Infraestrutura precária impulsiona a migração
Embora o debate público frequentemente se concentre na necessidade de ampliação das terras demarcadas como estratégia de preservação cultural e ambiental, os dados sugerem que a simples delimitação do território não tem sido suficiente para garantir a permanência dessas populações. Pesquisadores e especialistas apontam que a migração para centros urbanos é impulsionada, principalmente, pela busca de melhores condições de vida e acesso a serviços básicos, que são escassos nessas áreas protegidas.
Atualmente, as terras indígenas correspondem a mais de 13% de todo o território nacional, abrigando um contingente potencial de 1,7 milhão de pessoas. Na Amazônia Legal, essas áreas somam 1,1 milhão de quilômetros quadrados. No entanto, a vastidão territorial contrasta com a ausência de infraestrutura essencial. O levantamento do IBGE aponta que 75,19% dos habitantes das terras demarcadas enfrentam algum tipo de precariedade no saneamento básico, seja no abastecimento de água, na destinação de esgoto ou na coleta de lixo.
A educação é outro gargalo significativo. A taxa de analfabetismo nas áreas indígenas chega a 23%, um número alarmante quando comparado à média nacional de 5,3%. Esses indicadores sociais revelam que, sem políticas de desenvolvimento econômico e social atreladas à terra, a tendência de êxodo tende a se manter ou até intensificar.

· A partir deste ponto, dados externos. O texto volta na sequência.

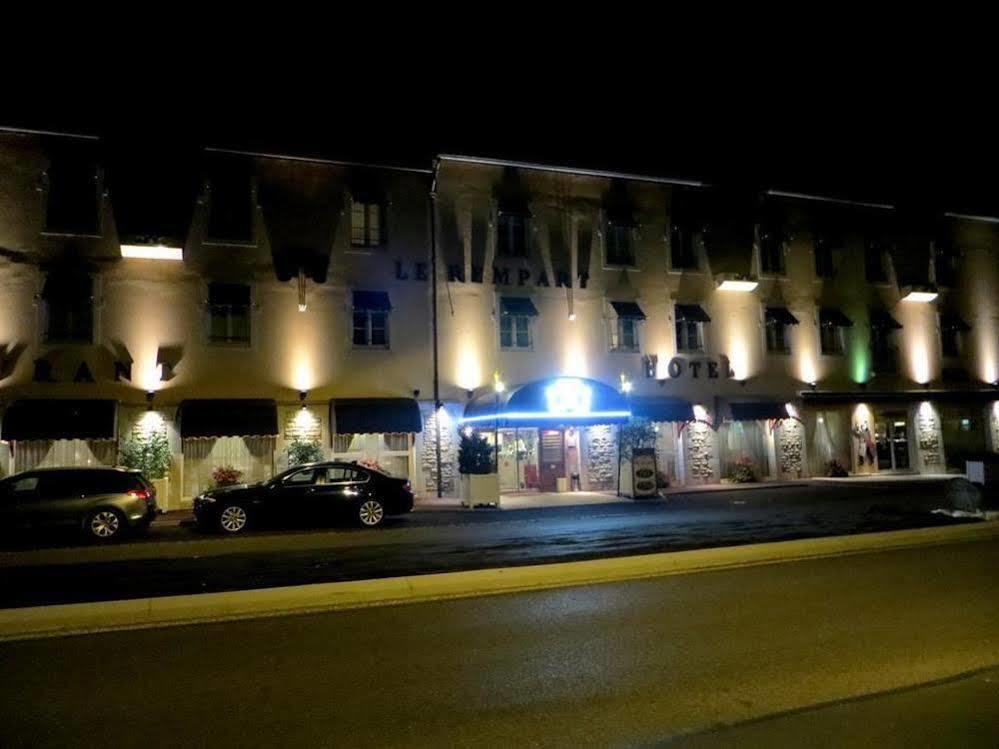 Hotel Le Rempart Tournus Eksteriør billede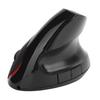 Optical Vertical Mouse Wireless 5D 2nd Gen Right Hand Gaming Office Computer Mice 1600DPIBlack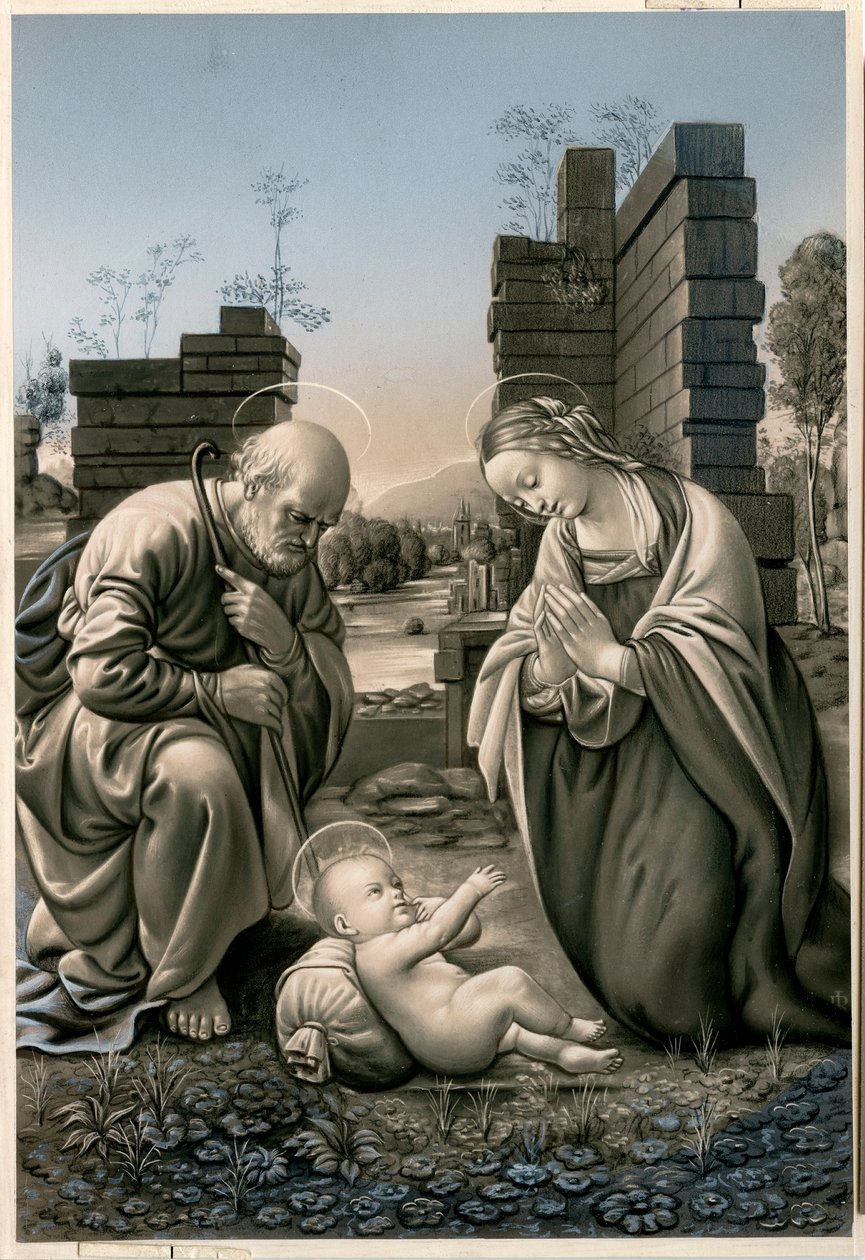 The Nativity by Anonymous Anonymous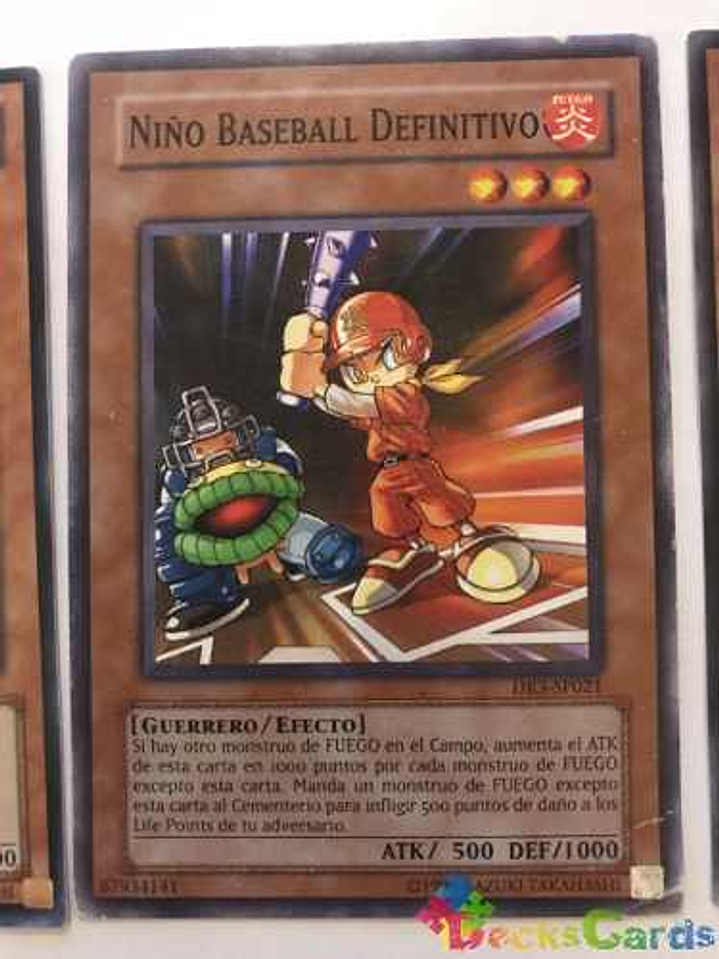Ultimate Baseball Kid - dr3-en021 - Common 1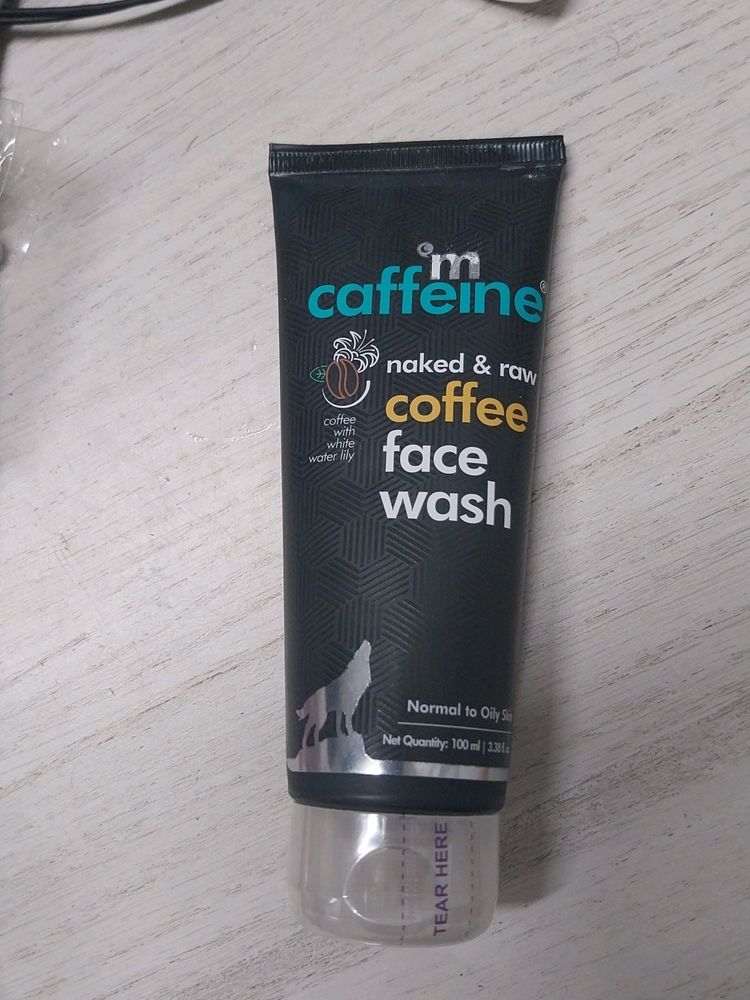 MCAFFEINE NAKED AND RAW COFFEE FACE WASH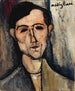 Mies - Amedeo Modigliani — näkymä teoksesta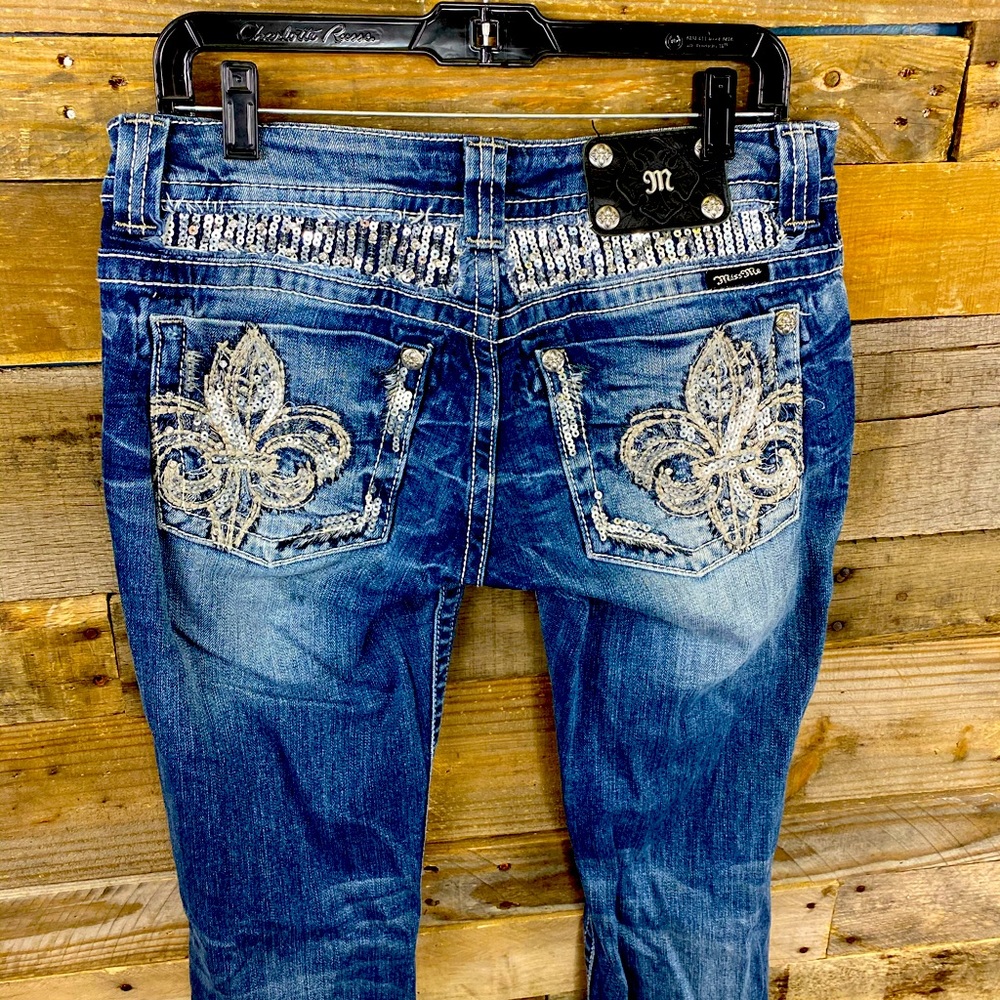 Miss me jeans 30. Boot cut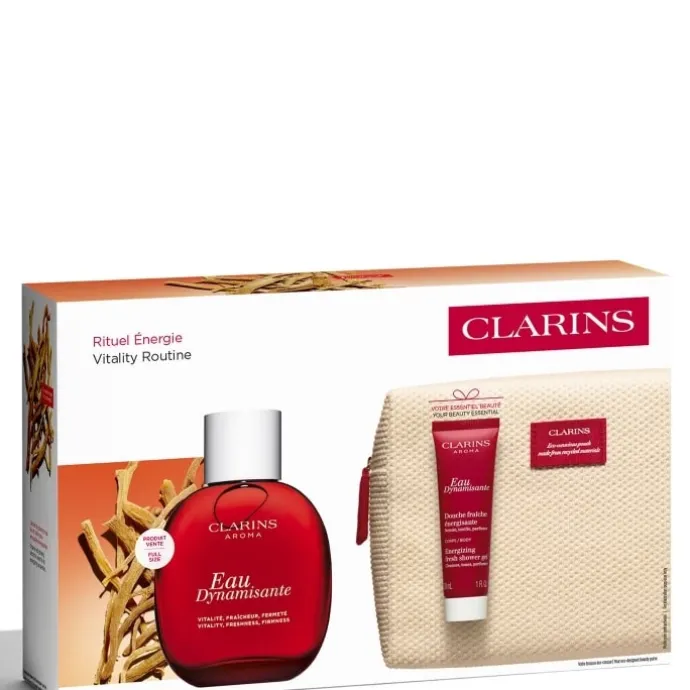CLARINSEau Dynamisante Coffret Eau de Soin 2025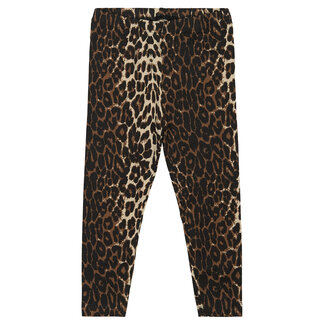 The New Siblings Legging Penny feather gray aop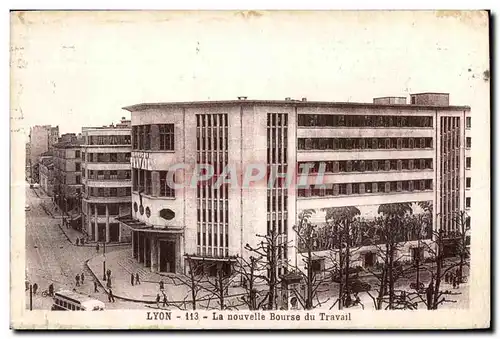 Cartes postales Lyon La Nouvelle Bourse Du Travail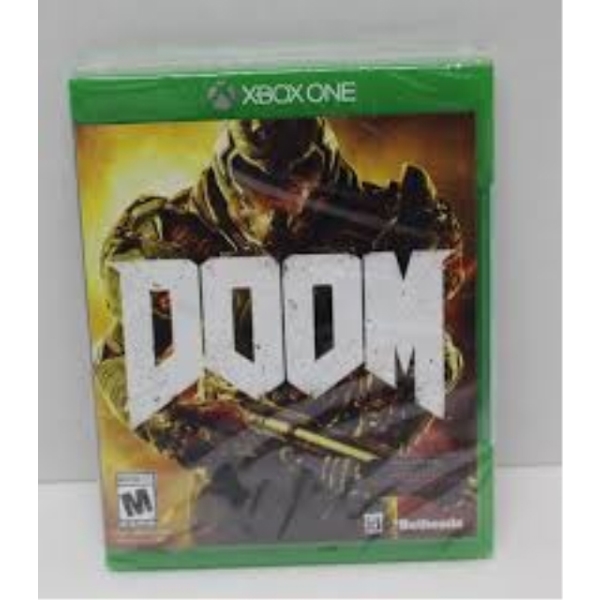 თამაში DOOM XBOX ONE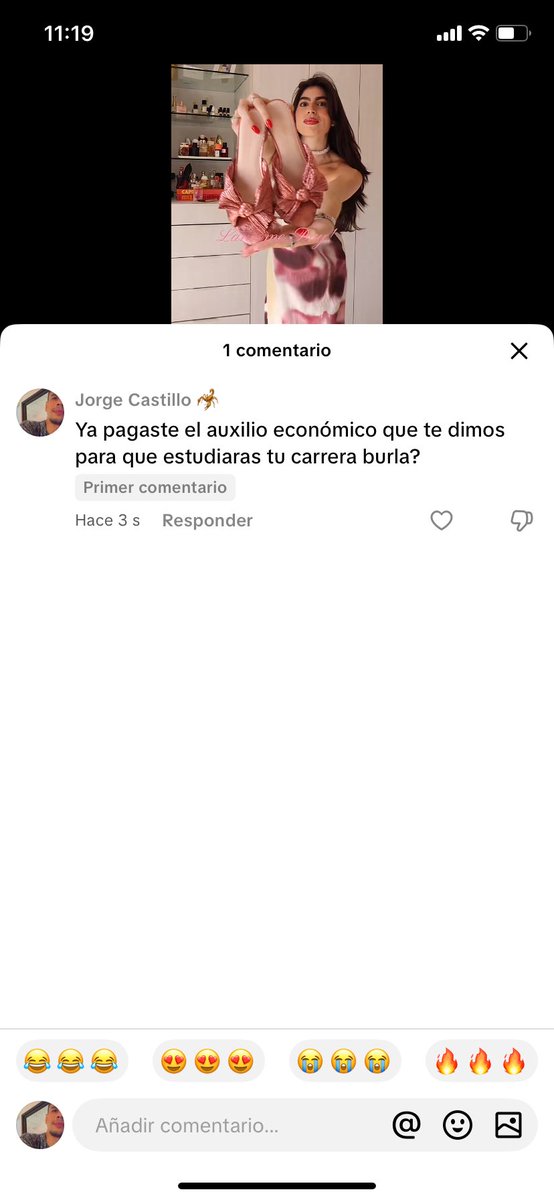 <a href="/queenkaliiiii/">k</a> A esta buena para nada ya fui a darle amor también. Borrará el comentario y lo más seguro es que me bloqueará, pero al menos se que lo va a leer.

Saúde fragilizada e mortalidade elevada
Além da infraestrutura básica, a saúde pública dentro das terras demarcadas apresenta índices preocupantes, que funcionam como vetores de expulsão dessas comunidades. Dados compilados pela Universidade Federal de Santa Catarina (UFSC) e pela Universidade Estadual de Campinas (Unicamp), com base no DataSUS, mostram uma disparidade crítica na saúde materna. A taxa de mortalidade materna entre mulheres indígenas foi registrada em 115 mortes a cada 100 mil nascidos vivos, quase o dobro da taxa nacional, que é de 67 por 100 mil.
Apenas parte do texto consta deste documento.